### Work required
Pictures excluded, copy word for word the lines from the one holding "US Cargo Control" through the last line below.

### Material provided
*** Block opens ***

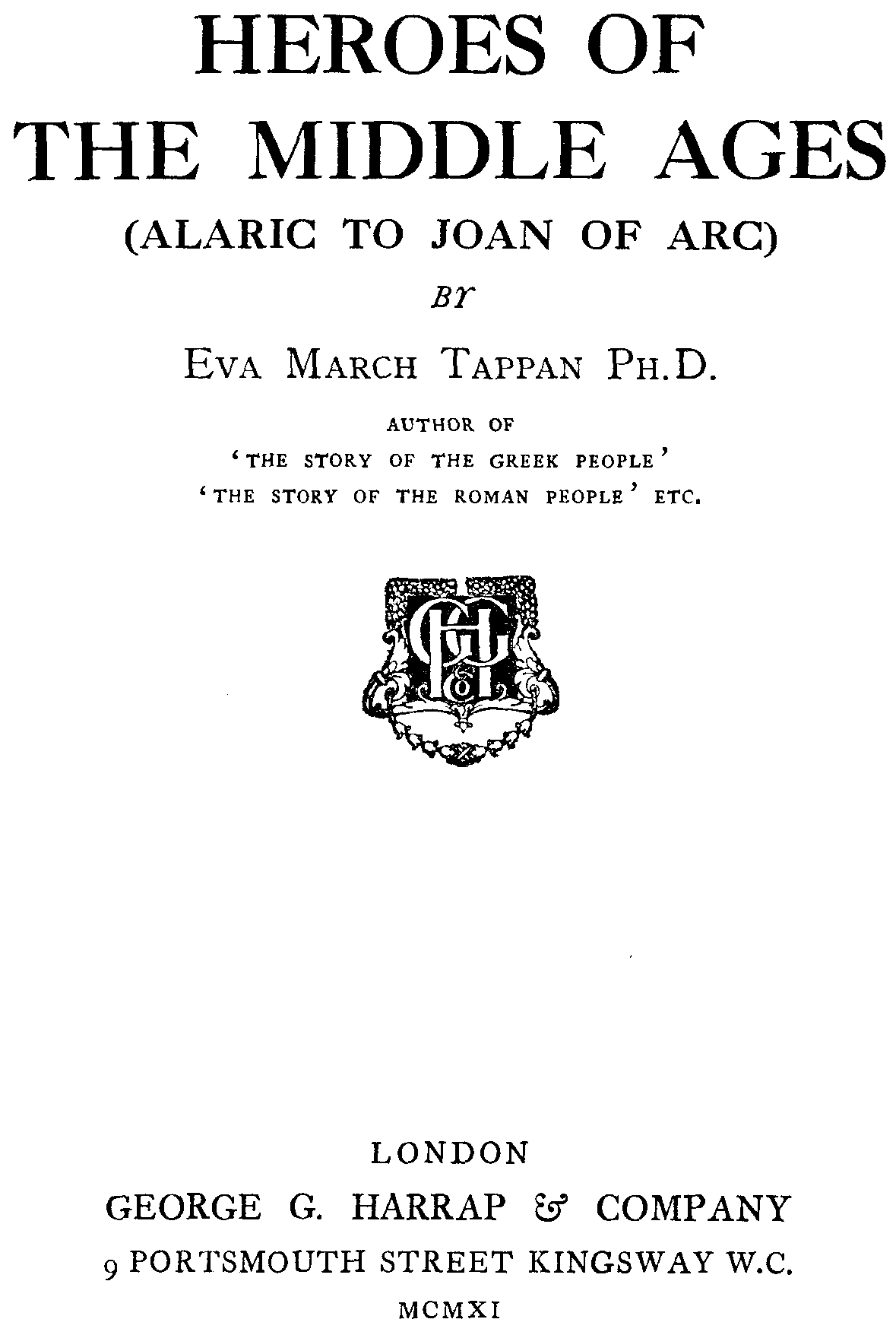 [Title Page] from Heroes of the Middle Ages by E. M. Tappan
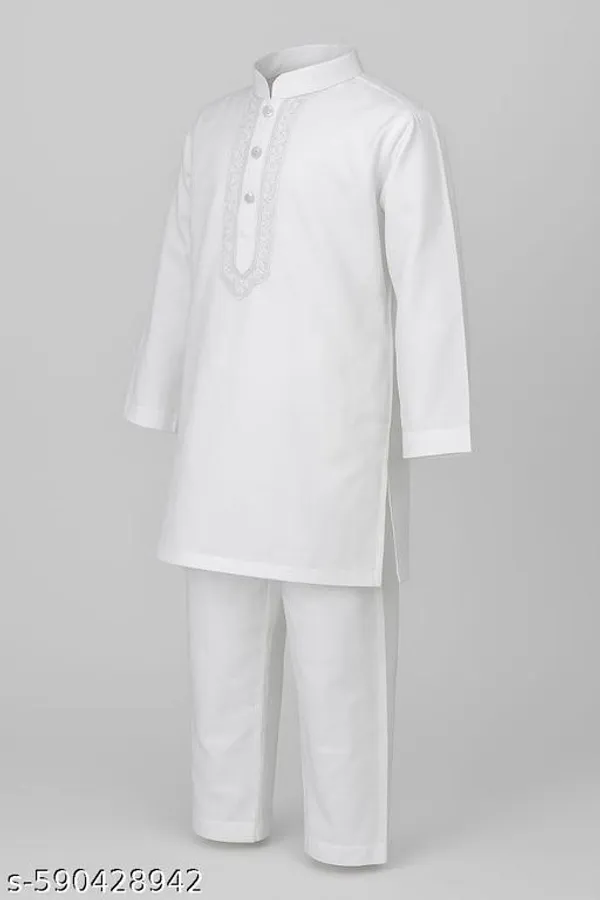 White_Cotton_Blend_Kurta_Pajama_Set_For_Boys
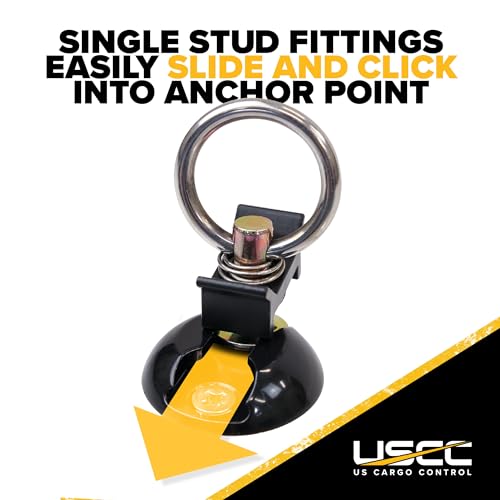 US Cargo Control L Track Tie Down System, Round Tie-Down Anchor Point Kit with Round Ring, Great to Secure UTV, ATV, Motorcycle, Snowmobile, Lawnmower - Image 4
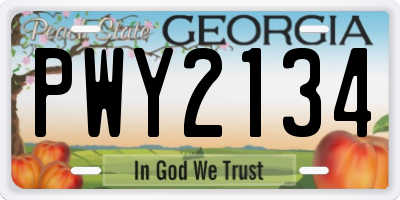 GA license plate PWY2134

*** Block closes ***

### Result
 US Cargo Control L Track Tie Down System, Round Tie-Down Anchor Point Kit with Round Ring, Great to Secure UTV, ATV, Motorcycle, Snowmobile, Lawnmower - Image 4
 GA license plate PWY2134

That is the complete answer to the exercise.